• **Try it**: Please repeat exactly the lines below from the line with "Ornamento De Metal" to the line with "Diamond Fashion Bracelet", including both, and leave out every picture.

• **Provided information**:
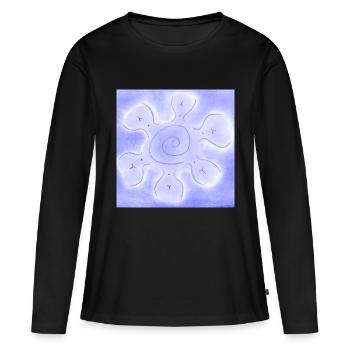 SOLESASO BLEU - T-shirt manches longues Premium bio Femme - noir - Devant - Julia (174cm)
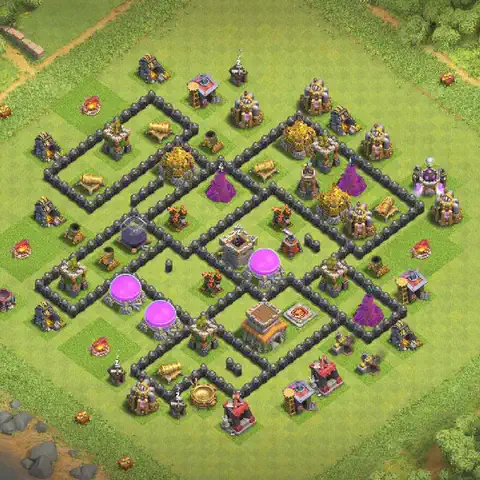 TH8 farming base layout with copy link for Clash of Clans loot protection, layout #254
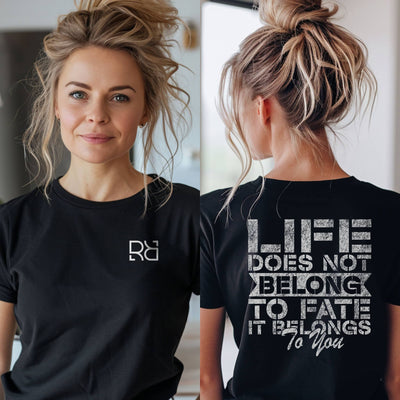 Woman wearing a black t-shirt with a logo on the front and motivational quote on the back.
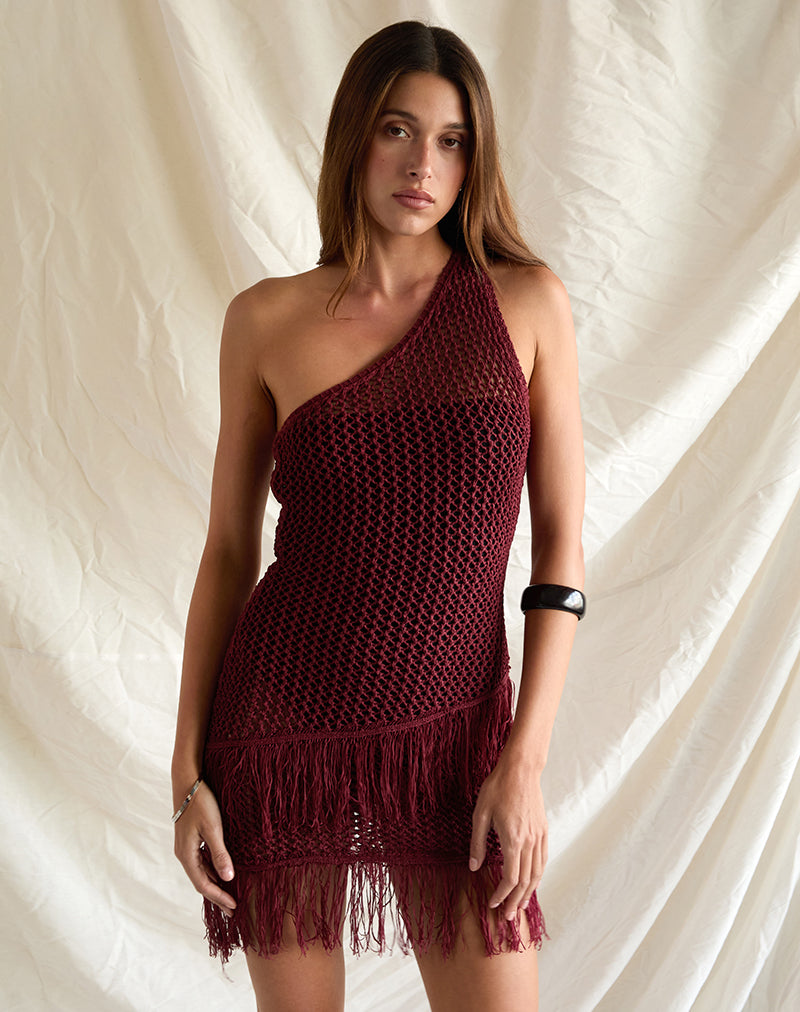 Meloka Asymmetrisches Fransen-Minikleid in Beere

---

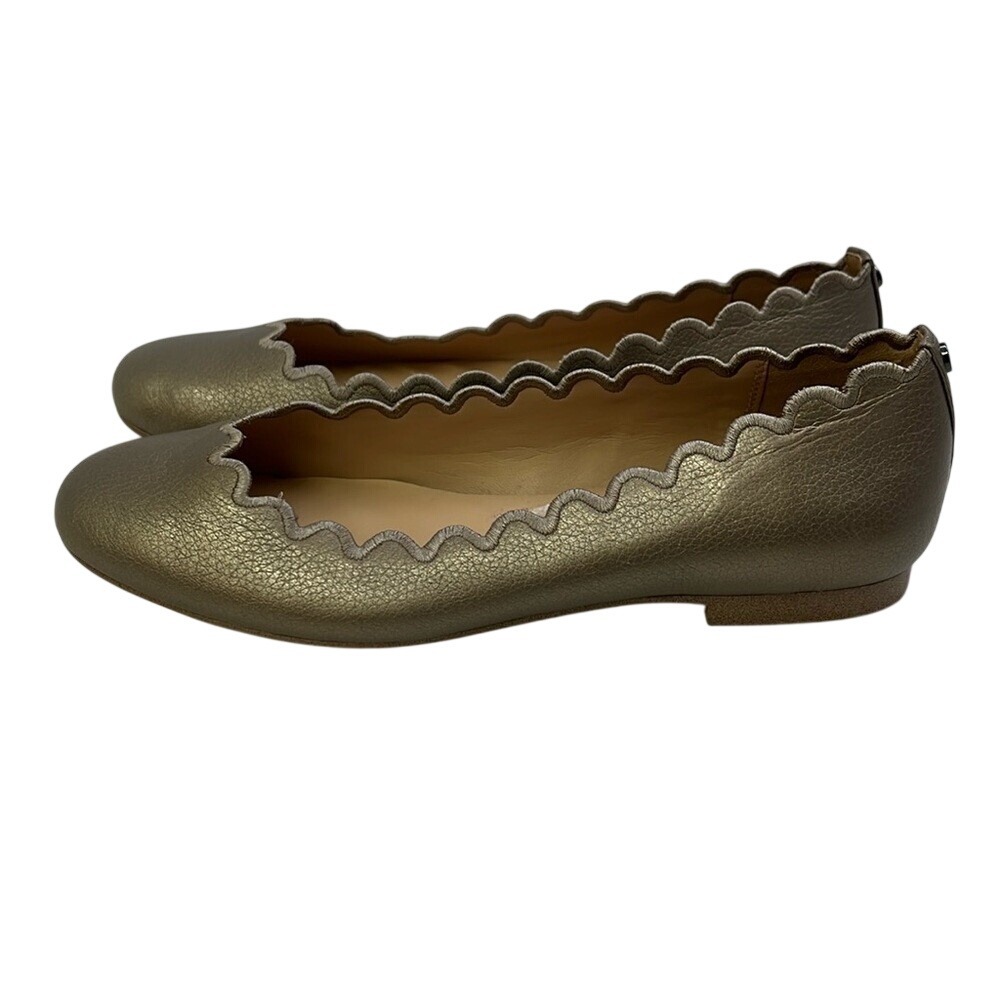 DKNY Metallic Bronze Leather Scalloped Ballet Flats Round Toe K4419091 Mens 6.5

--

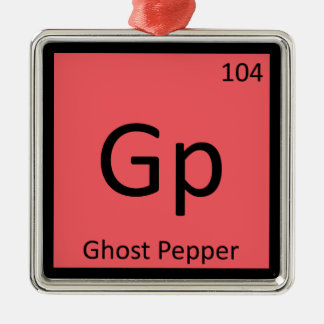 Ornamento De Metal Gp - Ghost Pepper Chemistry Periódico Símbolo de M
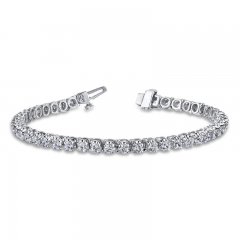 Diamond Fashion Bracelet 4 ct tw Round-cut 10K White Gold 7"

• **Exercise solution**:
 Ornamento De Metal Gp - Ghost Pepper Chemistry Periódico Símbolo de M
 Diamond Fashion Bracelet 4 ct tw Round-cut 10K White Gold 7"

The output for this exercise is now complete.